On 17 September 2019, the Group received an amended writ of summons (the "Writ") issued by Societe Generale, Singapore Branch (the "Plaintiff") in which, among others, Pacific Dragon (Hong Kong) Energy Limited ("Pacific Dragon") and Daisho Microline Limited ("DML"), two wholly-owned subsidiaries of the Company, have been joined as additional defendants to the proceedings of the High Court (case number HCA 1617/2019) (the "Proceedings") which were originally issued against, among others, (1) Ms. Cheung Lai Na ("Ms. Cheung"), an ex-director of the Company who resigned on 4 September 2019 and an ex-shareholder of the Company holding approximately 20.84% interest in the Company on trust for her family until she ceased to hold any of the interest on trust for her family on 14 August 2019, and (2) Inter-Pacific Petroleum Pte Ltd ("Inter-Pacific Petroleum"), a wholly owned subsidiary of Inter-Pacific Group Pte Ltd ("Inter-Pacific Group"), a company incorporated in Singapore with limited liability which is principally engaged in trading of petrochemical products and owned as to 85% by Ms.
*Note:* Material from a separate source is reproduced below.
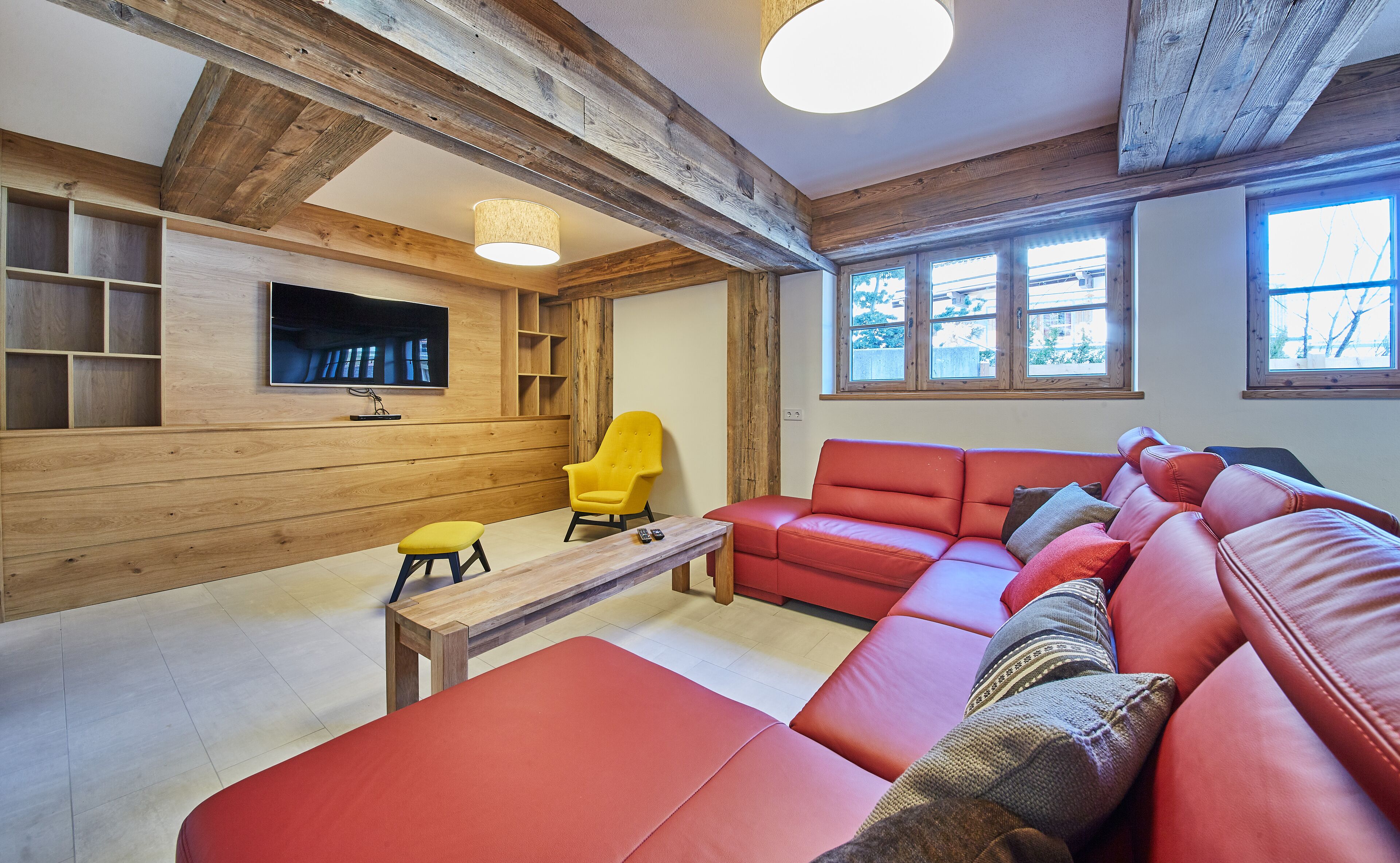 Ein gemütliches Wohnzimmer mit einem roten Sofa, einem gelben Sessel, Holzregalen und einem Fernseher.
Cheung, and 15% by an independent third party. Pursuant to the Writ, the Plaintiff claims, among other things, against Inter-Pacific Petroleum for payment for breach of certain trade finance facilities granted to Inter-Pacific Petroleum in the outstanding sum as at 28 August 2019 of approximately US$89,849,000.

In connection with the Writ, the Plaintiff obtained an injunction order against, among others, Pacific Dragon and DML, pursuant to which (1) Pacific Dragon is restricted from disposing of or dealing with the sum of approximately US$24,963,000 paid into its bank account during the period from 1 June 2019 to 31 August 2019 and any of its assets whether within or outside Hong Kong up to the same value; and (2) DML is restricted from disposing of or dealing with the sum of approximately US$6,653,000 paid into its bank account during the period from 1 June 2019 to 31 August 2019 and any of its assets whether within or outside Hong Kong up to the same value. The injunction order was continued on the return hearing held on 20 September 2019. The hearing has been adjourned to be heard on 5 February 2020.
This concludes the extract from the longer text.